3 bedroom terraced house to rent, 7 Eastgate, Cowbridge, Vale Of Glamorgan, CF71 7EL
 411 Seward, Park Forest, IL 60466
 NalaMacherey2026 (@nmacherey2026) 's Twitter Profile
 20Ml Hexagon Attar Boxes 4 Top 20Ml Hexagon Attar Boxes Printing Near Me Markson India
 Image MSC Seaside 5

* * *

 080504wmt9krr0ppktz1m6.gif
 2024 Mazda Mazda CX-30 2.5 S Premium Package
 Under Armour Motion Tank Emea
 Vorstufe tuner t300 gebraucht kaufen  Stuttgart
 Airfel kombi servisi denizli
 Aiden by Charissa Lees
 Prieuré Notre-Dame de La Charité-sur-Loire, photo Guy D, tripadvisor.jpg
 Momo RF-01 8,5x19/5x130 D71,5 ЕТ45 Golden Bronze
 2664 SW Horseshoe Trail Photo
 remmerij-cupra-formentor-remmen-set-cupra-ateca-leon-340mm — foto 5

> _Problem_
Given the data above, transcribe exactly the lines from the one containing "3 bedroom terraced" down to the one containing "Image MSC Seaside 5", and no others.

> _Task answer_
3 bedroom terraced house to rent, 7 Eastgate, Cowbridge, Vale Of Glamorgan, CF71 7EL
 411 Seward, Park Forest, IL 60466
 NalaMacherey2026 (@nmacherey2026) 's Twitter Profile
 20Ml Hexagon Attar Boxes 4 Top 20Ml Hexagon Attar Boxes Printing Near Me Markson India
 Image MSC Seaside 5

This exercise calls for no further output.